義足の女子高生が登山するためキャンプ設営
この企画では、女子生徒は朝6時ごろに登山をスタートし、日没までに10.6キロの道のりを歩いて到着することを目指した。両手に杖を持ちながら、山岳ガイドやタレントらと歩き、途中からはロープを使って岩場に挑むまでした。しかし、9キロ過ぎのところで台風による雨風が強くなり、登山を断念している。
スタート時には、テレビのテロップで「今回の中継は屋久島の環境に細心の注意を払って行っています」とPRしていた。
ところが、屋久島に19年ほど前に移住し、縄文杉のガイドをしているという大久保昭二さん(54)がこの日のブログで、テレビスタッフを批判した。
その書き込みによると、スタッフらは縄文杉裏の立ち入り禁止場所でキャンプをしていた。縄文杉のある一帯は、国立公園になっており、世界遺産に登録されている。そこに、1週間で30人のスタッフが寝泊まりし、当日の26日は、80人超のスタッフや島のボランティアが出入りしていたという。
さらに、大久保さんは、「テレビを見る限り、登山道からは撮影できない立ち入り禁止の位置からのアングルの映像が映っていました」とも指摘している。現在、こうしたブログの記事は削除されているようだ。
環境省の九州地方環境事務所によると、縄文杉一帯でテントを張ったり立ち入ったりすることについて、法規制はない。
環境省が指導も、マナー違反止まり
しかし、鹿児島県などの関係機関でつくる山岳部利用対策協議会などで、登山道以外には立ち入らないとするマナーを定め、マナーガイドを作るなどしてPRしている。縄文杉の周囲にも、立ち入り禁止の注意書きを掲示している。
「土が踏み固められて土壌に水が浸透しにくくなり、植生に影響を与えることになるからです。ですから、縄文杉も植生保護用デッキなどから見学してもらっています」
テレビ局の撮影については、カメラなどの機材を置くための土台といった工作物を作る場合には、自然公園法上、許可が必要になる。
九州地方環境事務所によると、日本テレビからは2012年6月上旬に、土台は作らないものの縄文杉周辺で撮影したいと申し出があった。日テレ側はテントも設営したいとし、事務所では、避難小屋などが使えないなら、その周辺でのテント設置は認めた。
ところが、放送が近づいた8月20日過ぎになって、テントが離れすぎた場所にあるのが見つかり、日テレ側を一度指導した。それ以外については、特につかんでいないといい、ブログの内容については、今後現地に確認したいとしている。

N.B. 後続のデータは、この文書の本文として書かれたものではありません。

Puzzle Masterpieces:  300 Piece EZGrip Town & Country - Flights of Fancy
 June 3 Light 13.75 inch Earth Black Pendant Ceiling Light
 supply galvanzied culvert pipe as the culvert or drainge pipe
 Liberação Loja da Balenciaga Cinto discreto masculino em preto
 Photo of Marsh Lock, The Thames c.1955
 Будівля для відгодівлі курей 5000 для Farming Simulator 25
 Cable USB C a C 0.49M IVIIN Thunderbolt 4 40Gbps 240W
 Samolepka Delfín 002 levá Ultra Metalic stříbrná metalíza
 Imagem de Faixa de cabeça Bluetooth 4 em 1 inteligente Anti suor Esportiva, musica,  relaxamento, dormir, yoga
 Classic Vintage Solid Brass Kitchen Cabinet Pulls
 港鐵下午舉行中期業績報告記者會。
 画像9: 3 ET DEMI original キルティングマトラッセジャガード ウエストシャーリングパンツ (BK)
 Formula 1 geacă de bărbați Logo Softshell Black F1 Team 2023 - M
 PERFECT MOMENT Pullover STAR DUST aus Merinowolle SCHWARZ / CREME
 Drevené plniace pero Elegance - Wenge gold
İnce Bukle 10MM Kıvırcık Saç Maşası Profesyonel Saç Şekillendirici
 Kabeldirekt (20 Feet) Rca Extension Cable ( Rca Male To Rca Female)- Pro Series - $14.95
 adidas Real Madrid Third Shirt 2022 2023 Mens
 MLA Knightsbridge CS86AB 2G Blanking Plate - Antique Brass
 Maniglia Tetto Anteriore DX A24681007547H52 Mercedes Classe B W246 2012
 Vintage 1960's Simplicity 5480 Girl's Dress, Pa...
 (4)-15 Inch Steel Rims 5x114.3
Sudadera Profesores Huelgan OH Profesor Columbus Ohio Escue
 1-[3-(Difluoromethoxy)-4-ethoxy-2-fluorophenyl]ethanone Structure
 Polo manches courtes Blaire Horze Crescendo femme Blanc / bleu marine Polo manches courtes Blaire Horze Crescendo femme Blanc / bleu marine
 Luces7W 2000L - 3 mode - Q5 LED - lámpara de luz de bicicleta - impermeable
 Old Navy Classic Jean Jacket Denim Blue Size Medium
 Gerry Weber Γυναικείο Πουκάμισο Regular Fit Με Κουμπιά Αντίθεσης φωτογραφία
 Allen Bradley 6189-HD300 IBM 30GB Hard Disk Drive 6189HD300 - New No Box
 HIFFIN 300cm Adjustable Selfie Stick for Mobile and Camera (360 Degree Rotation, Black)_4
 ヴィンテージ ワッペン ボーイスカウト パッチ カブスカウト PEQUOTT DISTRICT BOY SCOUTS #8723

ブログを書いた大久保昭二さんが指摘した立ち入り禁止場所のキャンプとは、環境省から指導されていたことを指すのか。また、登山道以外で撮影していたというのは本当なのか。
日テレの総合広報部に取材すると、「担当者が席を外しており、お答えできるか明言しかねます」との返事しか返ってこなかった。